▸ **Source data**
--------------------------------------------------
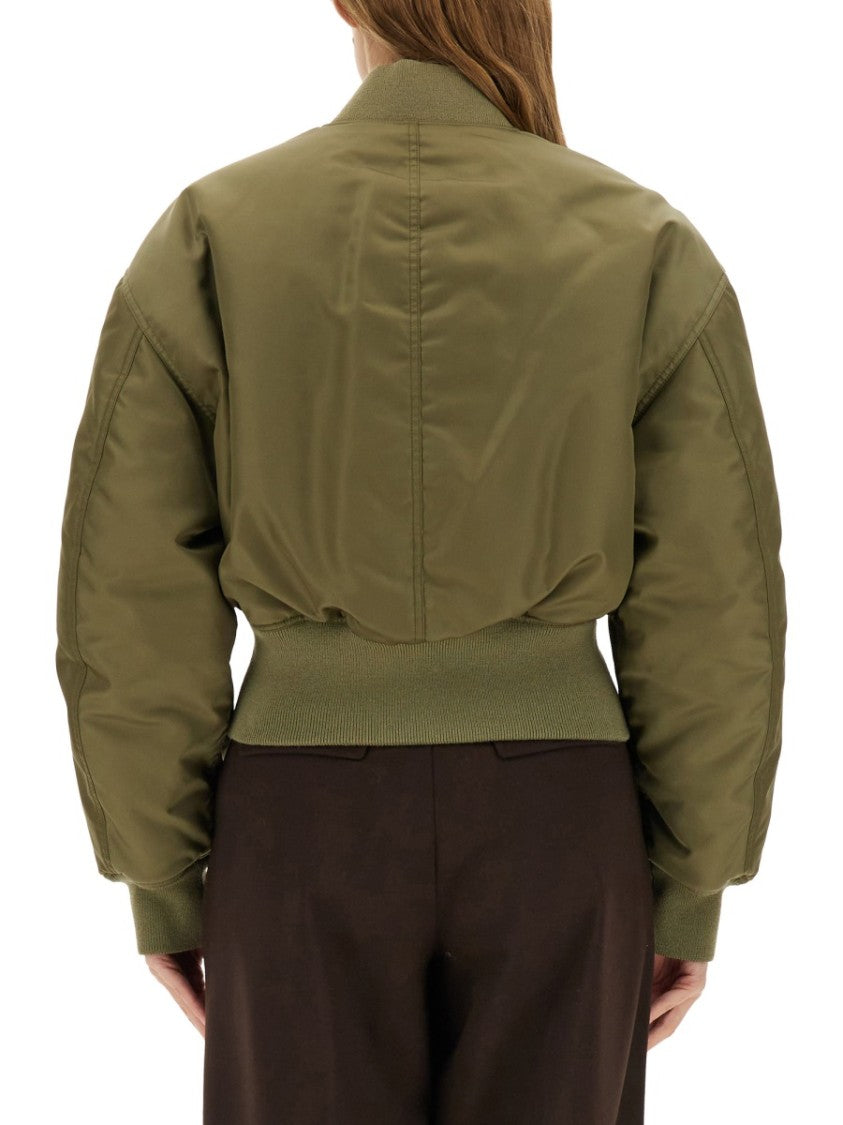 Saint Laurent Cropped Voluminous Nylon Bomber Jacket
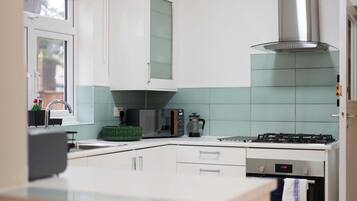Fridge, microwave, dishwasher, electric kettle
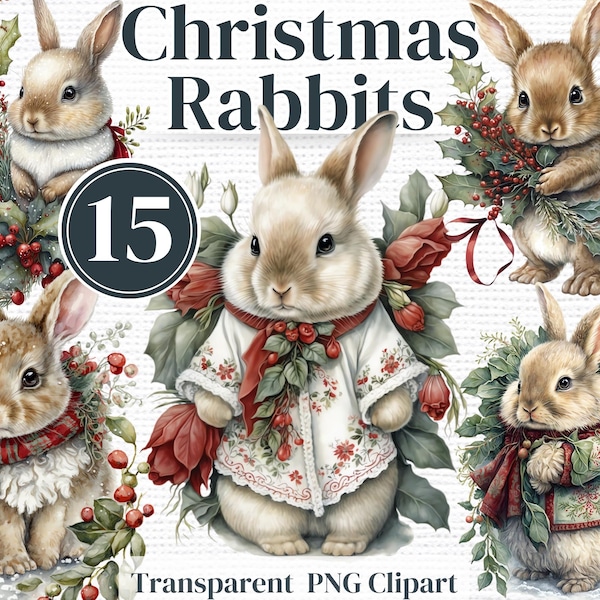 Vintage Christmas Bunny Rabbit PNG Clipart - Paquete de acuarela de invierno - Perfecto para revistas basura de invierno Invitaciones Sublimación, etc.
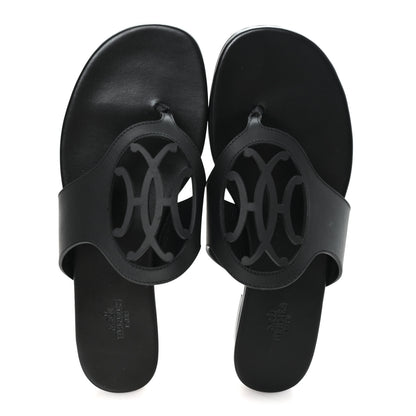 Hermes Calfskin Womens Mage Sandals 39 Black 2 of 9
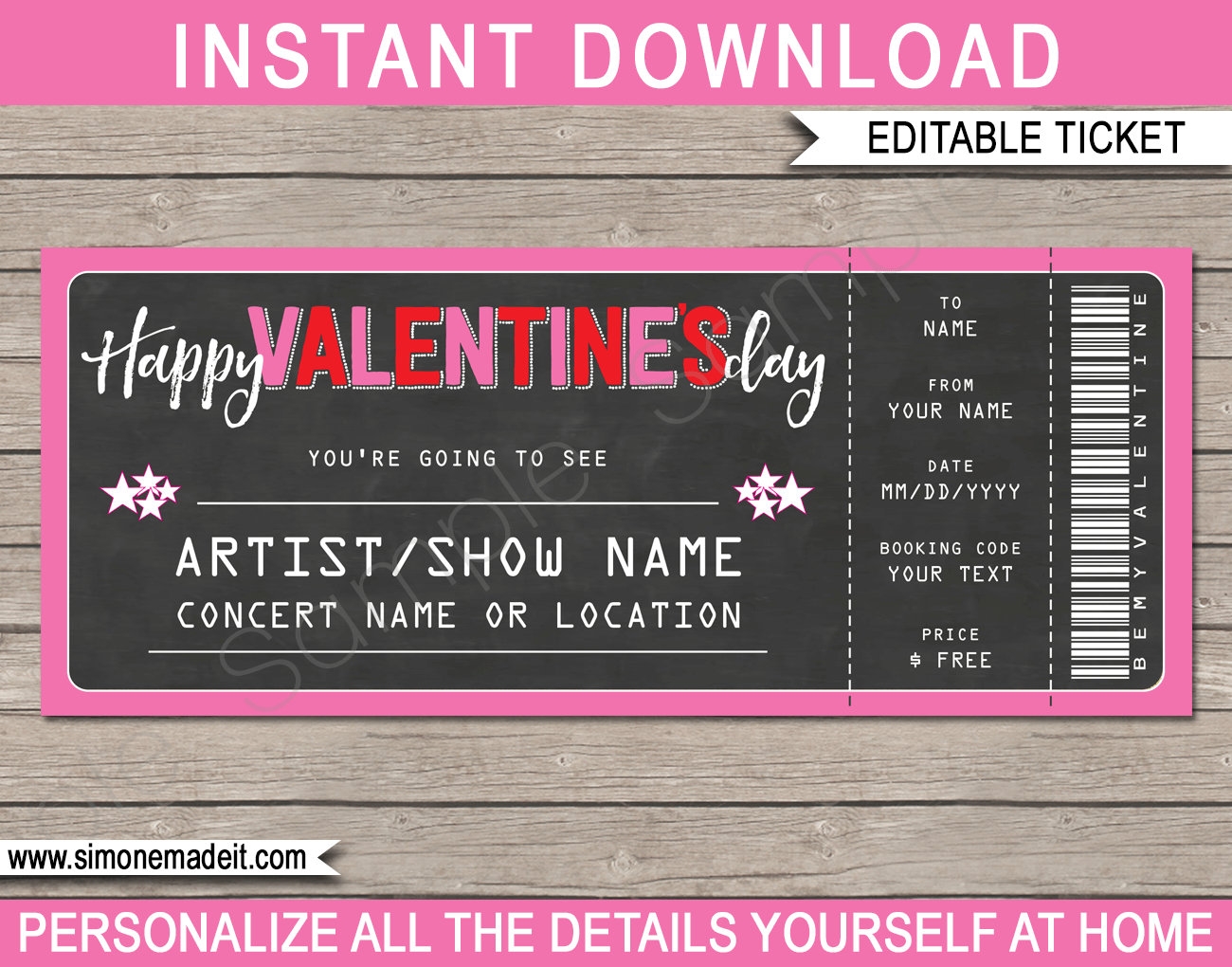 Printable Concert Ticket Template Valentine s Day Gift Voucher Certificate Coupon Surprise Concert INSTANT DOWNLOAD With EDITABLE Text Etsy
--------------------------------------------------
▸ **Directions for this task**
Print the records above word for word, omitting any picture they contain.

▸ **Response to the task**
 Saint Laurent Cropped Voluminous Nylon Bomber Jacket
Fridge, microwave, dishwasher, electric kettle
 Vintage Christmas Bunny Rabbit PNG Clipart - Paquete de acuarela de invierno - Perfecto para revistas basura de invierno Invitaciones Sublimación, etc.
 Hermes Calfskin Womens Mage Sandals 39 Black 2 of 9
 Printable Concert Ticket Template Valentine s Day Gift Voucher Certificate Coupon Surprise Concert INSTANT DOWNLOAD With EDITABLE Text Etsy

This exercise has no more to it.